During a ship's journey, variable loads are exerted continuously by the waves and sea on a ship's propeller and shaft. These loads are transmitted directly through the shaft system to the engine, causing the engine's governor to increase the amount of fuel injected when the load increases and to reduce the amount of fuel injected when the load decreases, in order to maintain a certain set RPM. This phenomenon implies inefficiency in fuel consumption caused by continuously changing ambient torsional loads deriving from waves, sea-state, random ship pitch motions, winds and gusts, pressures affecting ship's propeller and so on; which become more significant when traveling long distances.
Use of hybrid type ship propulsion can somewhat improve fuel efficiency however its design and use are not intended nor optimal for reducing effects of ambient torsional loads during long journeys and/or prolonged periods of constant engine set RPM. Therefore, there is an ongoing need for improving marine vessel propulsion efficiency, particularly by diminishing effects of ambient torsional loads affecting marine vessel propulsion.
Furthermore, hybrid propulsion systems are considered very costly and require replacing entire propulsion system or entire ship.
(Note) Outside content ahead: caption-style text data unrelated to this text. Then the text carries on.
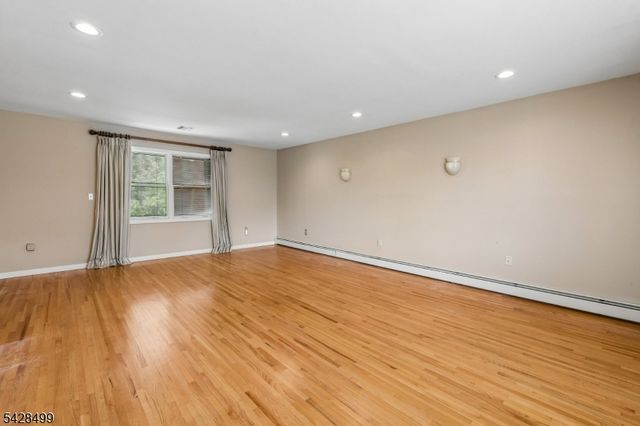5 Francesca Ct, East Hanover Twp., NJ 07936
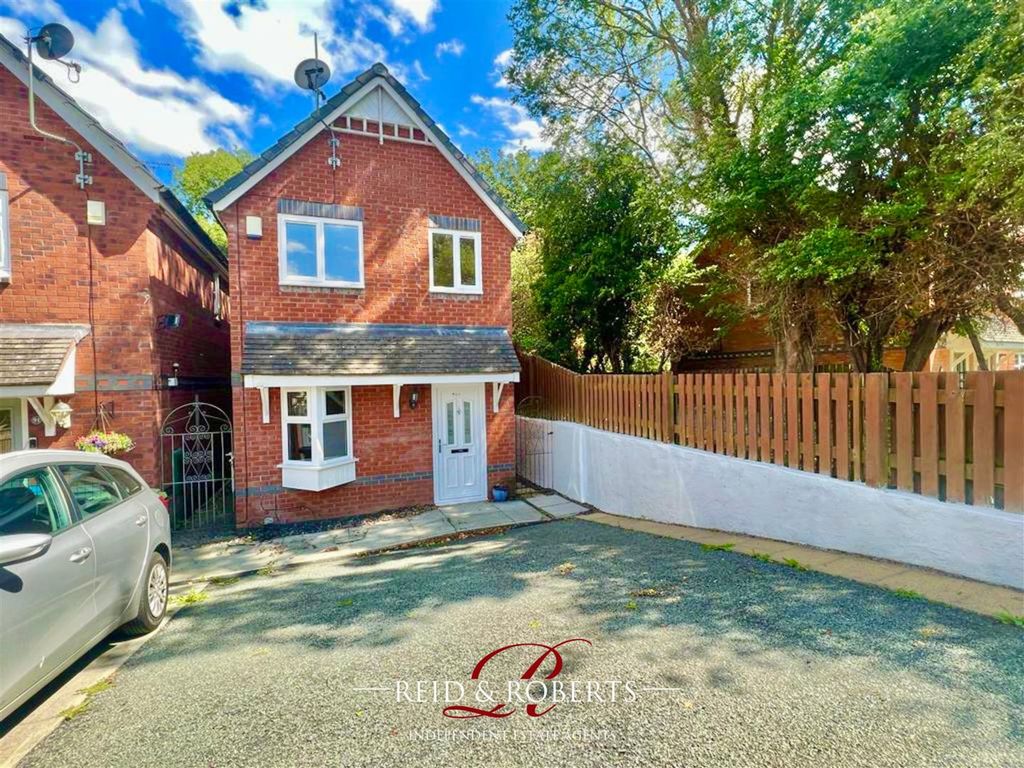 2 bed detached house for sale in Moss Valley Road, New Broughton, Wrexham LL11, £155,000
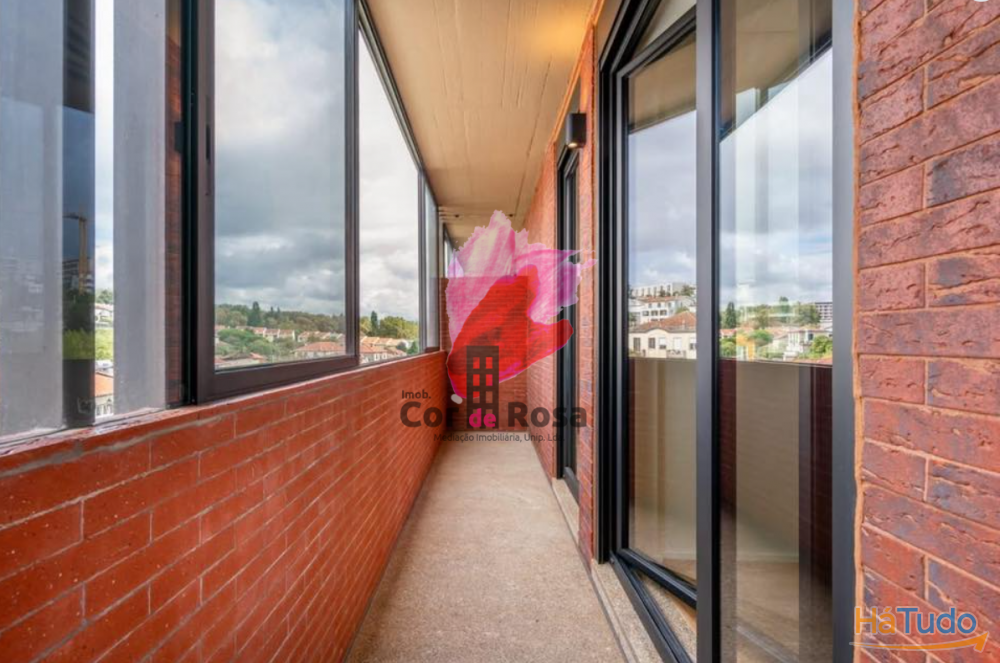 Apartamento T2 com Terraço (último piso) ? Vista Deslumbrante para a Penha Apartamento T2 com Terraço (último piso) ? Vista Deslumbrante para a Penha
Therefore, there is an ongoing need for systems and methods configurable to improve efficiency of existing marine vessels and marine vessel propulsion systems while substantially reducing overall costs.
The present disclosure relates to devices and methods for vessel propulsion, and more particularly, but not exclusively, to devices and methods for increasing efficiency in marine vessel propulsion.
The subject matter relates to systems that have torsional load which changes during a cycle. The cycle may be caused by objects external to the system, such as sea waves. The subject matter relates to the use of produced and/or stored electrical energy for alleviating variations in torsional loads affecting fuel-based marine vessel propulsion systems, thereby conserving fuel, increasing fuel efficiency and/or cutting unnecessary fuel costs.
The subject matter discloses a system for alleviating variations in torsional loads applied to a shaft coupled to a main engine of a marine vessel, said shaft is coupled to a propeller of the marine vessel, the system comprising: an electric motor-generator configured to provide power to the shaft or take out power from the shaft; a controller coupled to the electric motor-generator said controller is configured to execute a set of instructions, comprising: measuring a group of values that are indicative of torsional loads applied on a shaft of the marine vessel over time; creating a time-based series of values that represent a predictive time-based torsional loads on the marine vessel; collecting a group of readings indicative of the amount of power provided by a main engine of the marine vessel; computing an intervention time series of power values to be outputted by the electric motor-generator; wherein the electrical power outputs the intervention time series values of power to the shaft.
In some cases, the instructions further comprise collecting new readings produced by the sensor providing the values indicative of torsional loads of the main engine and inclusive electric motor-generator activity over a wave cycle; determining if the new wave pattern is significantly different from the previous wave pattern; computing a new intervention vector of forces based on the new pattern and applying the new intervention vector of forces on the shaft.
In some cases, the system further comprises a main engine sensor configured to measure the torsional loads on the shaft on an intervention section, said intervention section is defined as a section on the shaft located between the point where the main engine is coupled to the shaft and the point where the electric motor-generator is coupled to the shaft.
In some cases, the main engine sensor is coupled to the electric motor-generator to provide signals representing the load sensed by the main engine.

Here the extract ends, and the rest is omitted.